Nothing after the line with "White cotton t-shirt" belongs in the copy; extract the lines below from the top through that line, pictures left out.

=== Data for this exercise ===
━━━━━━━━━━
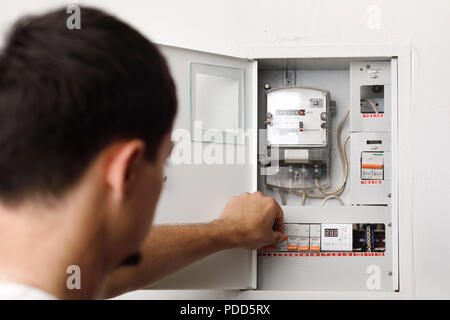 Electrical terminal box. man turn on or off Stock Photo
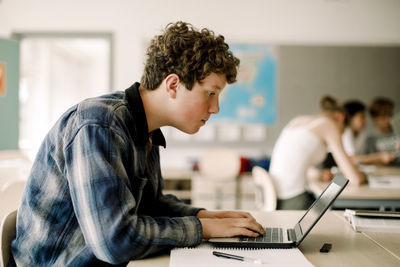 Side view of teenage boy using laptop while sitting in classroom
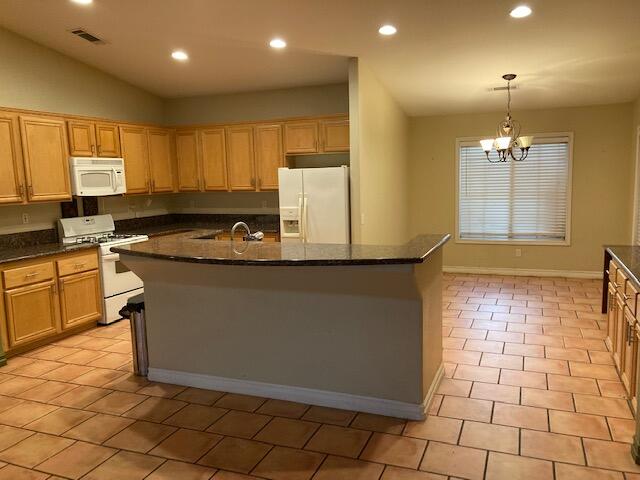 48192 Panorama Avenue Indio, CA 92201 - Photo 15 of 47 a kitchen with a sink a counter space and cabinets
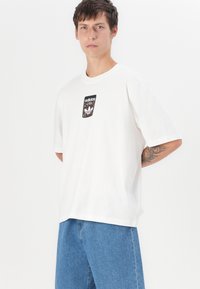 White cotton t-shirt featuring a black patch with a patterned logo centered on the front. Short sleeves and a relaxed fit. Denim shorts.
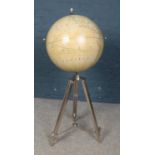 A decorative globe on stand. With chrome extending supports.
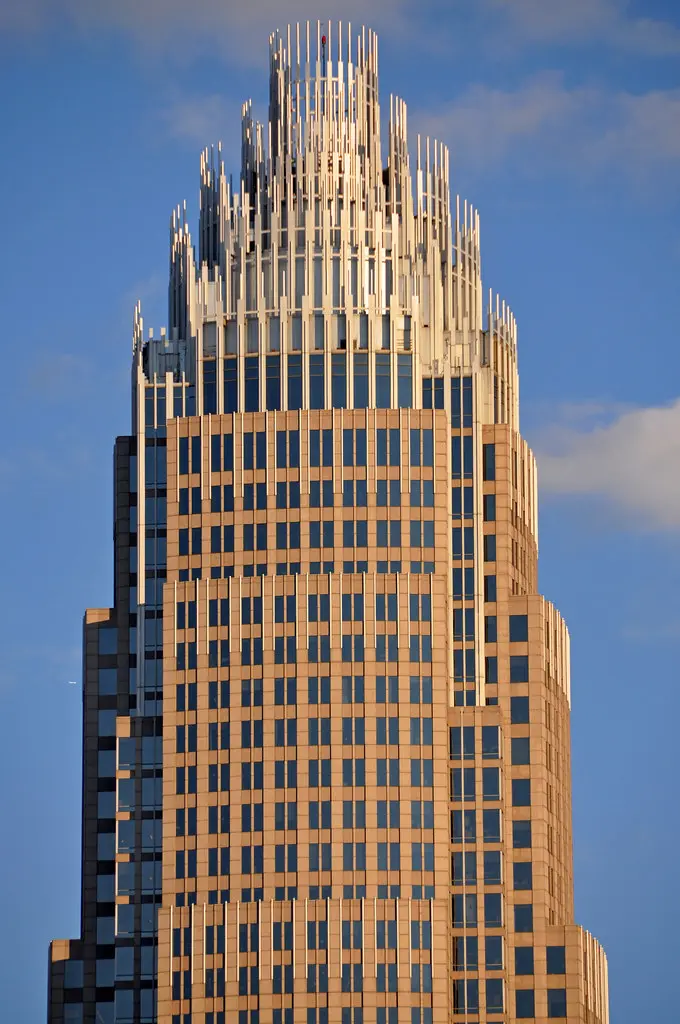 The Bank of America Corporate Center skyscraper in Charlotte, North Carolina, against a blue sky.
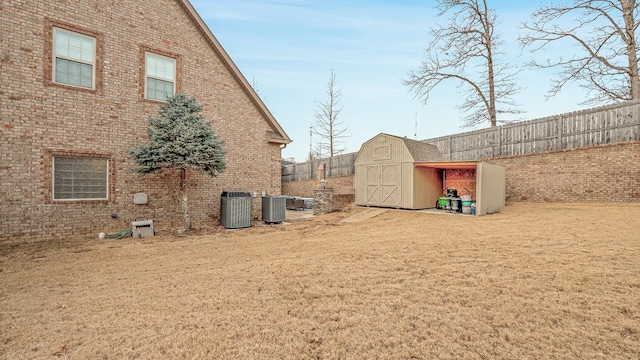 view of yard with cooling unit and a storage unit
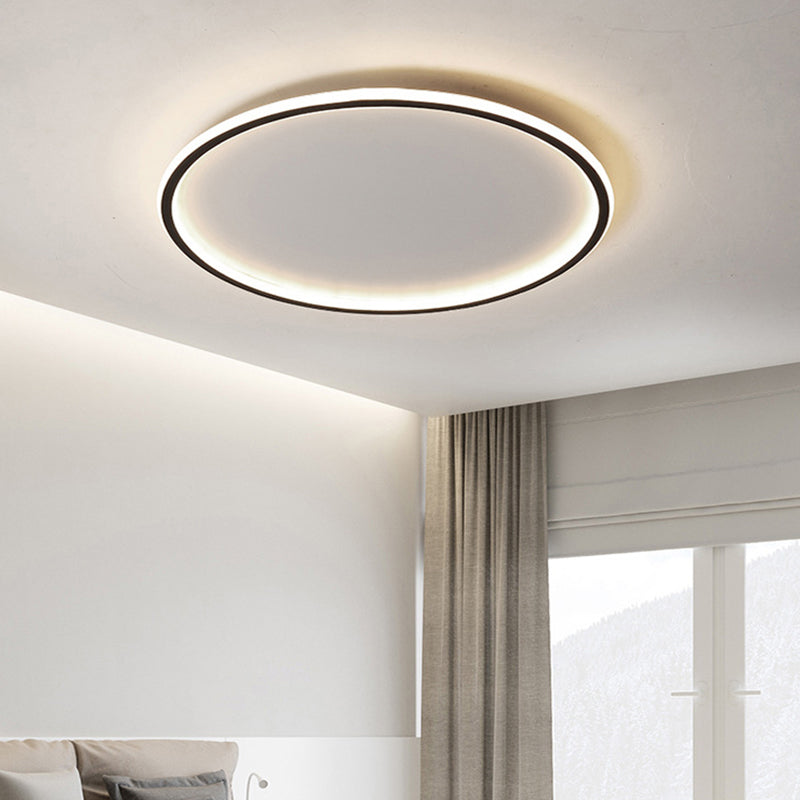 Black halo LED flush mount merqi ceiling light providing a bright ambient glow in a modern bedroom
━━━━━━━━━━
=== Result of the task ===
 Electrical terminal box. man turn on or off Stock Photo
 Side view of teenage boy using laptop while sitting in classroom
 48192 Panorama Avenue Indio, CA 92201 - Photo 15 of 47 a kitchen with a sink a counter space and cabinets
 White cotton t-shirt featuring a black patch with a patterned logo centered on the front. Short sleeves and a relaxed fit. Denim shorts.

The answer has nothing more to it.